Required action - The copy you give must match the listing below exactly and contain no pictures.

*** Study material ***

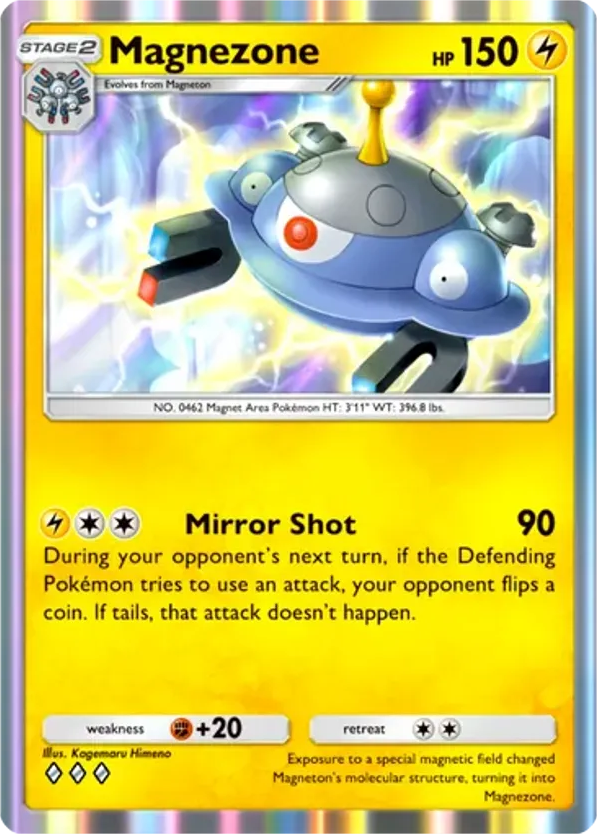 Magnezone card front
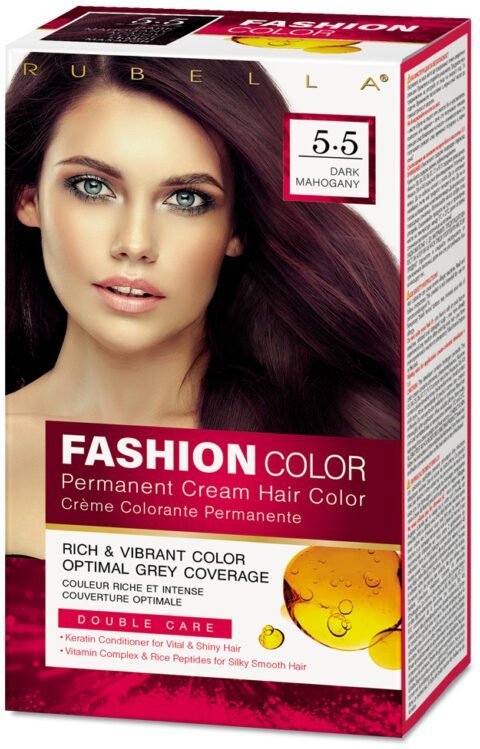 Стойкая крем-краска для волос Rubella Fashion Color 5.5 темный махагон, 50 мл фото 1 &mdash; TD-EX.RU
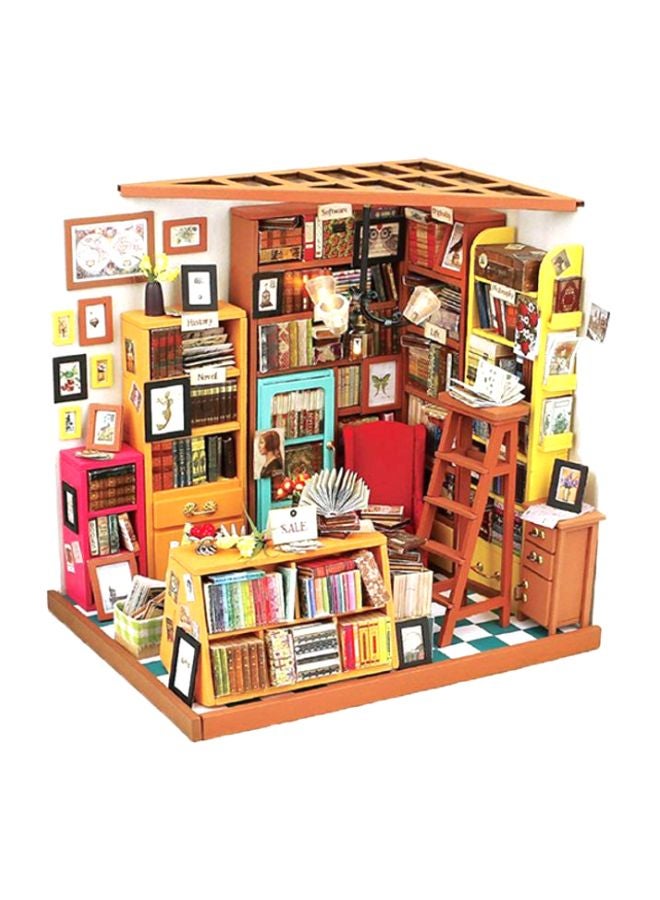 Sharpdo DIY Library House Wooden Jigsaw Puzzle 225x185x190cm - Image 1
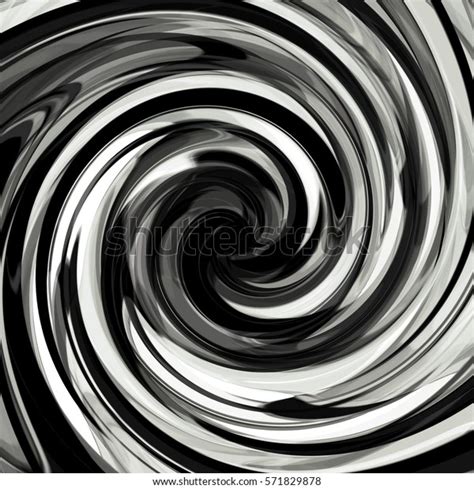 Swirl Chrome Silver Metal Liquid Shining Stock Illustration 571829878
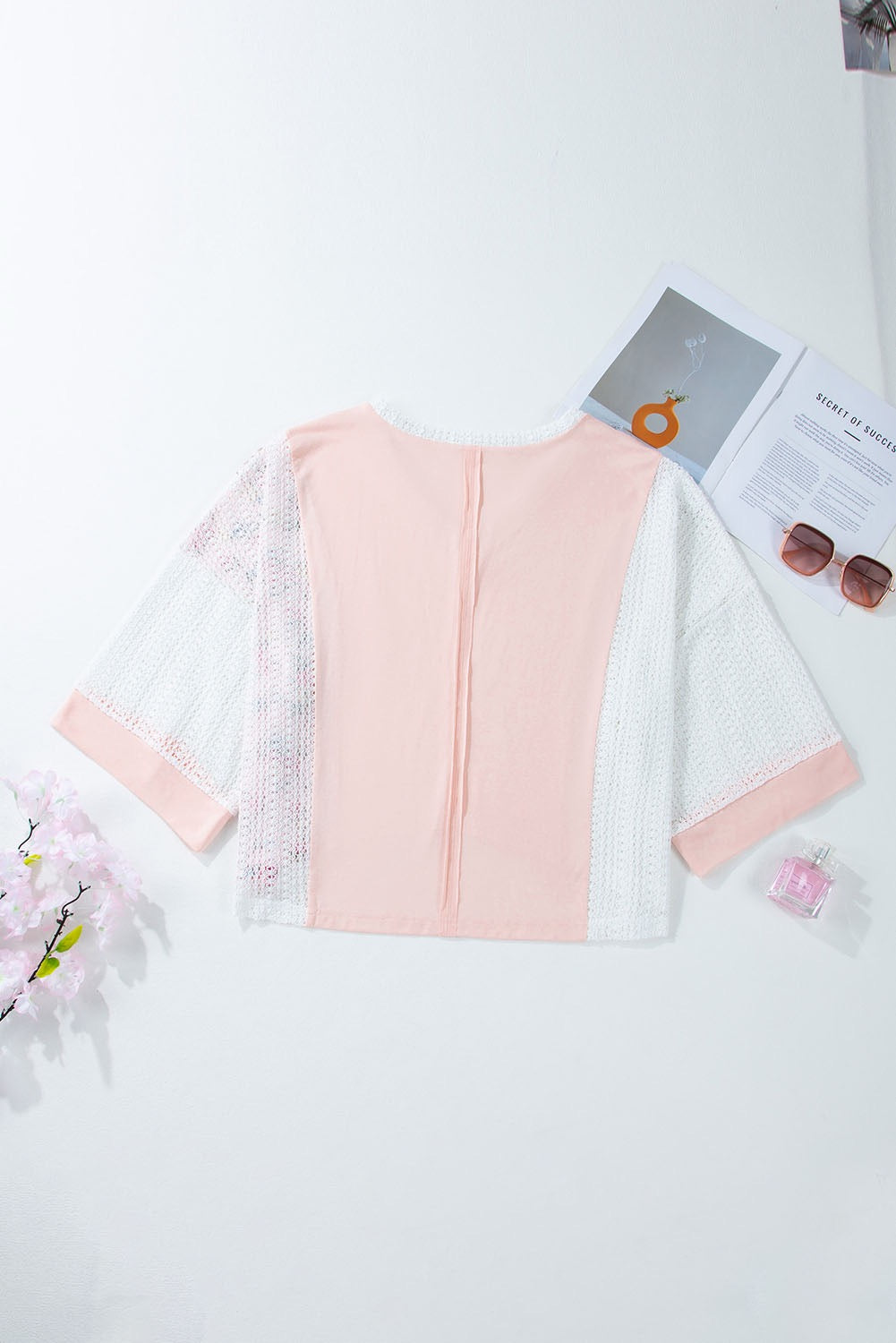 Flowy Pink Floral Top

*** End of Study material ***

Exercise output -
 Magnezone card front
 Стойкая крем-краска для волос Rubella Fashion Color 5.5 темный махагон, 50 мл фото 1 &mdash; TD-EX.RU
 Sharpdo DIY Library House Wooden Jigsaw Puzzle 225x185x190cm - Image 1
 Swirl Chrome Silver Metal Liquid Shining Stock Illustration 571829878
 Flowy Pink Floral Top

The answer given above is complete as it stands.